Background and Aims: Potential bias because of attrition has received little attention in primary studies
on back pain. This study aims to identify those back pain related indicators most
susceptible to bias and to discuss practical consequences for back pain research.
Methods: Analyses were based on a population-based longitudinal multi-centre postal back pain
survey with two postal follow-up measurements within two years. The baseline sample
comprised 9,263 subjects. Different sets of measures at entry were used to predict
subsequent attrition: Socio-demographic variables, indicators of back pain, health
related measures, and response behaviour. Back pain related indicators comprised prevalence
estimates, pain intensity, disability, and radiating pain. Weighted and unweighted
back pain outcomes were compared at the first and second follow-up to assess bias.

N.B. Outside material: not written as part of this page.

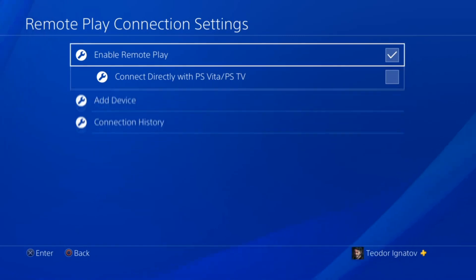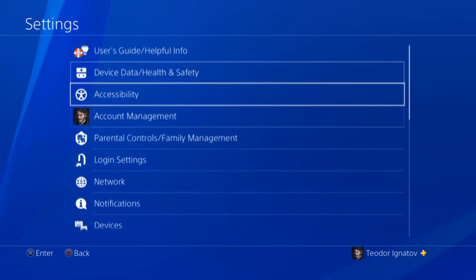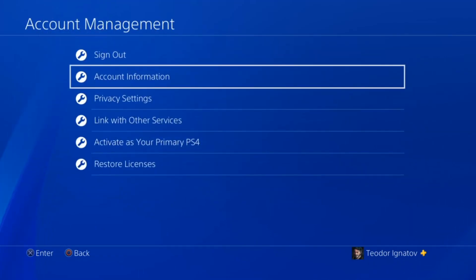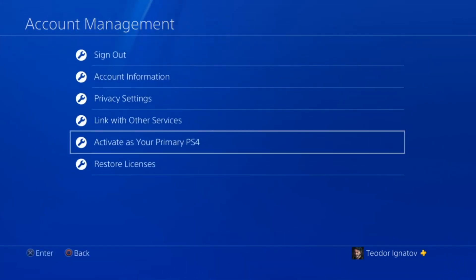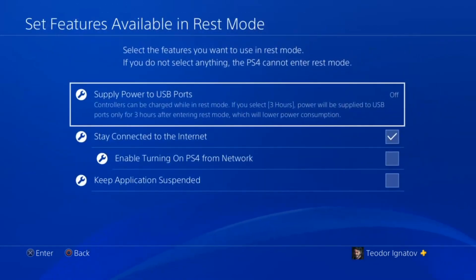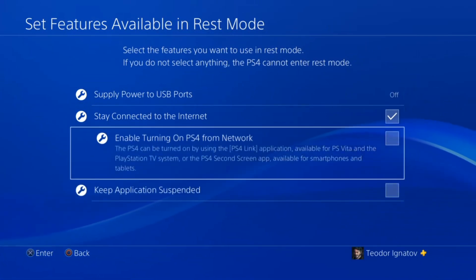You've got to click on that — I have already enabled that. The next setting you need is to set your PS4 as primary, so you go to Account Management and activate it as your primary PS4. I have already activated that; you should activate that too. And the final setting: go to Power Save Settings, set features available in rest mode, and enable turning on PS4 from network.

Results: Little more than half of the eligible participants at baseline continued participation
till the second follow-up. Age and prior response behaviour were the best predictors
of attrition while health and back pain related variables were less important. Differences
between weighted and unweighted estimates of back pain related indicators were small
to negligible. Against our expectations, the reported back pain burden slightly declined
over time. Conclusion: Differenzial attrition over the different measurement points consecutively reduces
the representativeness of the sample. Despite this, bias due to attrition has a small
effect on the point estimates of most back pain related outcomes.